▶ [THE DATA]:
____
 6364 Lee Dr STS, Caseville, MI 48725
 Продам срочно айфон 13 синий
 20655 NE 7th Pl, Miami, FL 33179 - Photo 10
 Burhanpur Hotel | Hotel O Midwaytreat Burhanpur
____
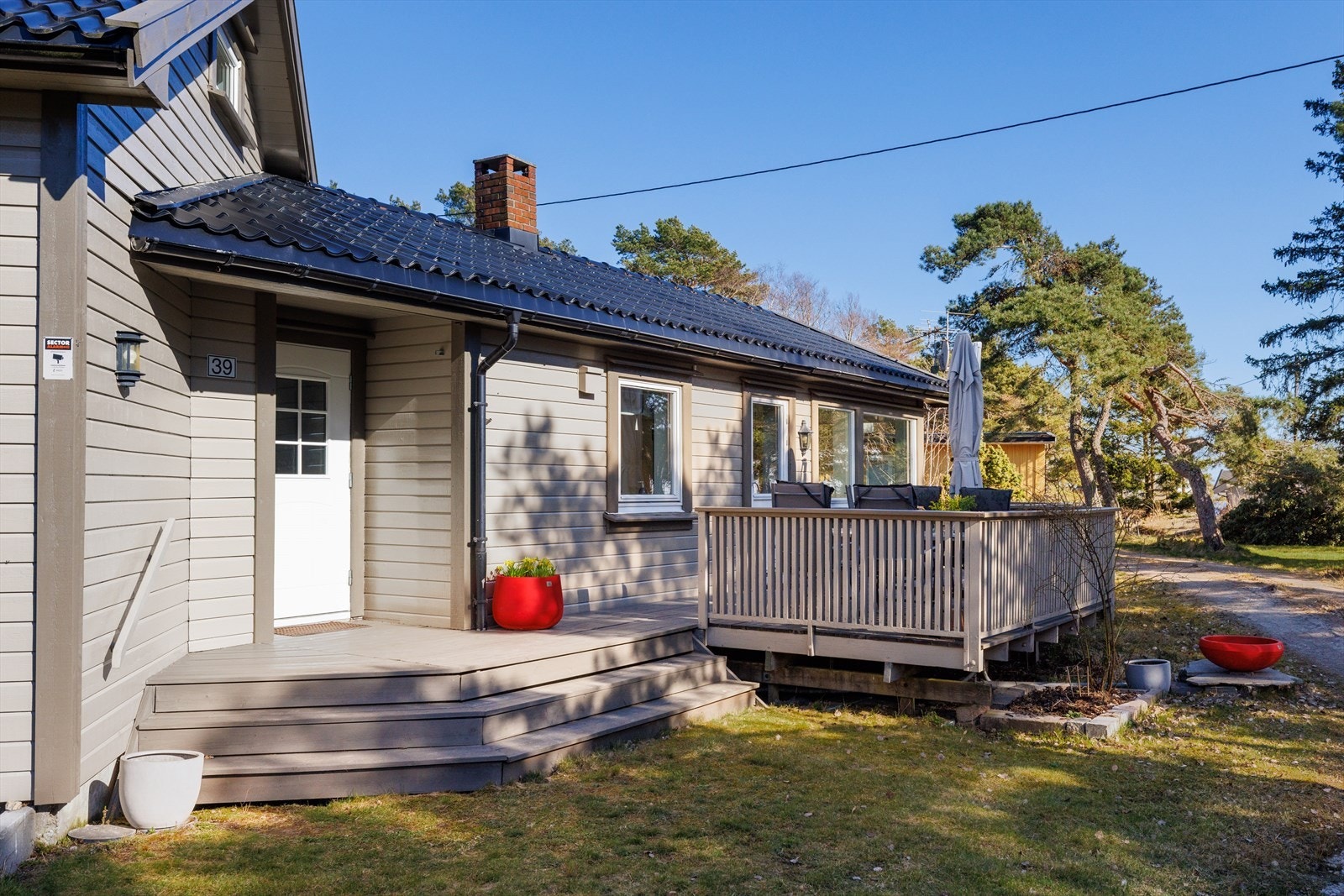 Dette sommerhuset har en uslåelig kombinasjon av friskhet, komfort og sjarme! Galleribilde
____
▶ [WORK ORDER]: Look above for the line containing "20655 NE 7th Pl, Miami, FL 33179 - Photo 10" and the line containing "Burhanpur Hotel |". Transcribe both, with the lines between them, exactly.

▶ [YOUR SOLUTION]:
 20655 NE 7th Pl, Miami, FL 33179 - Photo 10
 Burhanpur Hotel | Hotel O Midwaytreat Burhanpur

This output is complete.